One is the well-known documentary film titled “The Salt of the Earth”, which portrays the life and art of the Brazilian photographer Sebastião Salgado. With his vivid camera angles he has been exposing the horrible conditions of famine and the refugee situation in Africa and South America. When he felt utterly helpless as an artist or a human being after confronting these disastrous scenes over many years, he went back to his home town and started to plant trees on land which had already been destroyed. He finally turned that wasteland into a forest. It really looked like a miracle. He said he was healed by the land and the earth. 

The other is the multidisciplinary performance “Guayabo” by a UK-based Venezuelan emerging artist. It deals with the current situation of her devastated home country, and she shares her acute feelings about her country and prays for safety of her family with the audience, encouraging understanding and participation through various methods of communication such as video clips and an interactive messaging service during the show. Maybe this is the only thing she could do for her family and her country as an artist.

To be honest, these days I’ve frequently frowned upon the fact that the Korean arts are becoming more and more money-driven. I’ve got a bit bored of so-called ‘well-made dramas’ or shiny works of art which sometimes make me murmur, “So, what?” Also I’ve felt tired of and sometimes powerless about the red tape and inherent bureaucracy throughout the actual cultural policies of my country. Those things have made me feel down and kept me suspecting the role of arts and artists.

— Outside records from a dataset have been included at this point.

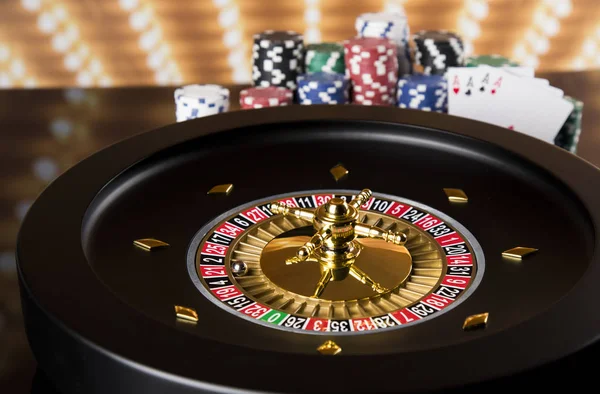 Poker Chips on gaming table, roulette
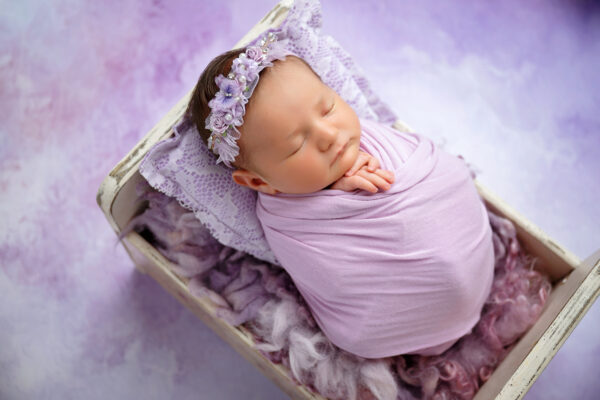 Newborn baby wrapped in lavender in vintage cream prop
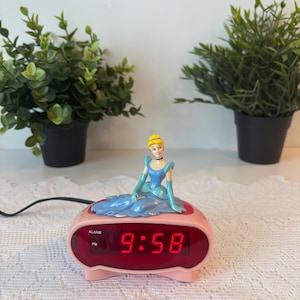 May include: A pink digital alarm clock featuring a Cinderella figurine. The clock shows the time 9:58 in red numerals. The alarm clock has an alarm function and is connected to a power cable.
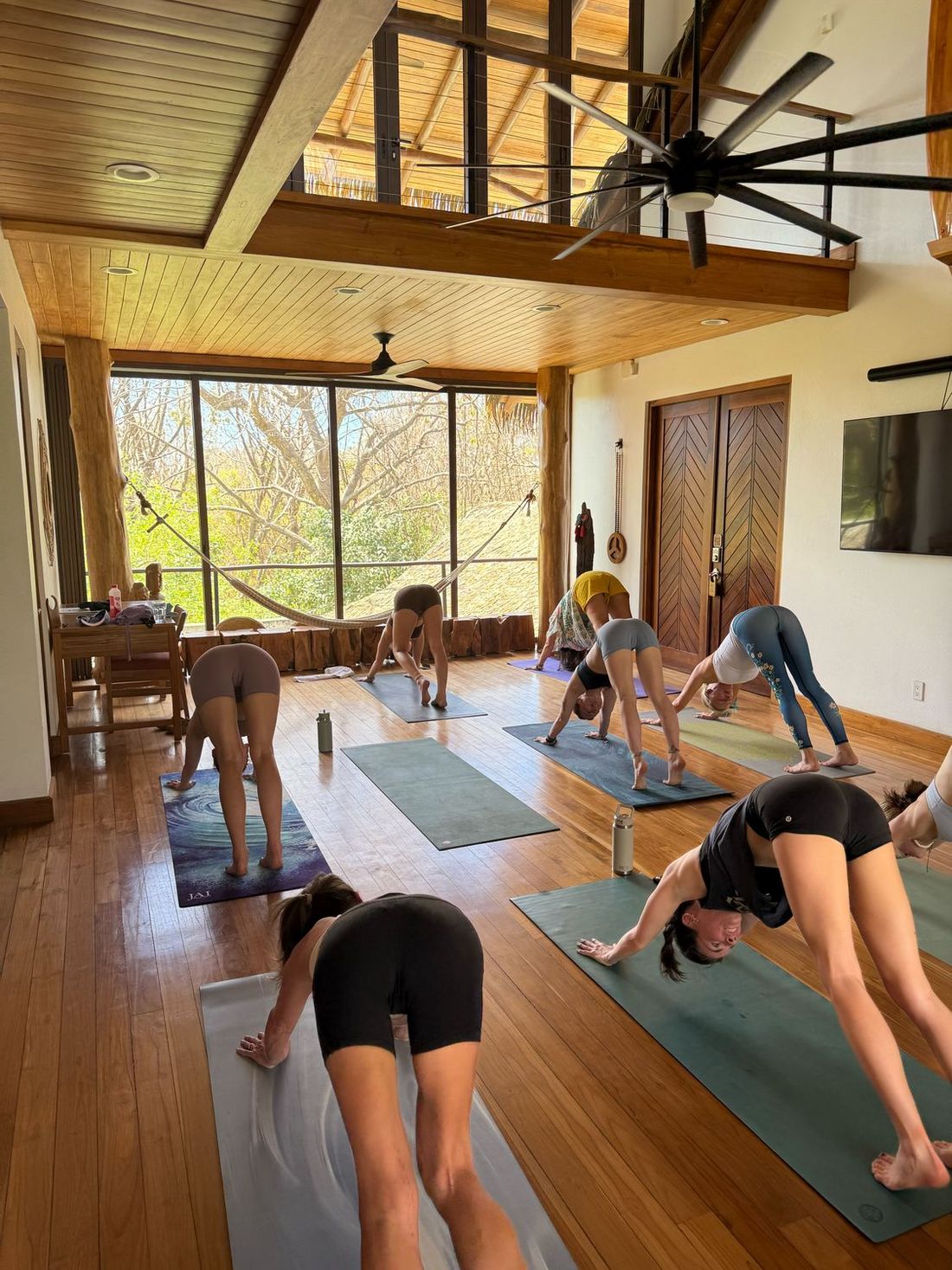 A group flowing through a yoga practice in the villa’s timber-framed great room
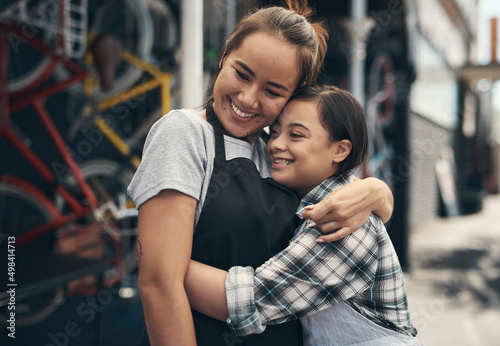 We are actually family. Shot of two young female colleagues sharing a hug outside a bicycle repair shop.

How could we, arts professionals, tackle problematic things like the cut-throat competition between South Korean teenagers, or child poverty under the dictatorship in North Korea? How can the arts improve the situation in Venezuela and what about refugees in Europe? Climate change? Are we really confronting what’s happening now? 

I think the master photographer and the young artist might give an on-going answer to these questions. There could also be more answers. I am anxious to see my friends and colleagues to talk deeply about these things in Kristiansand, or anywhere else we may meet. See you there!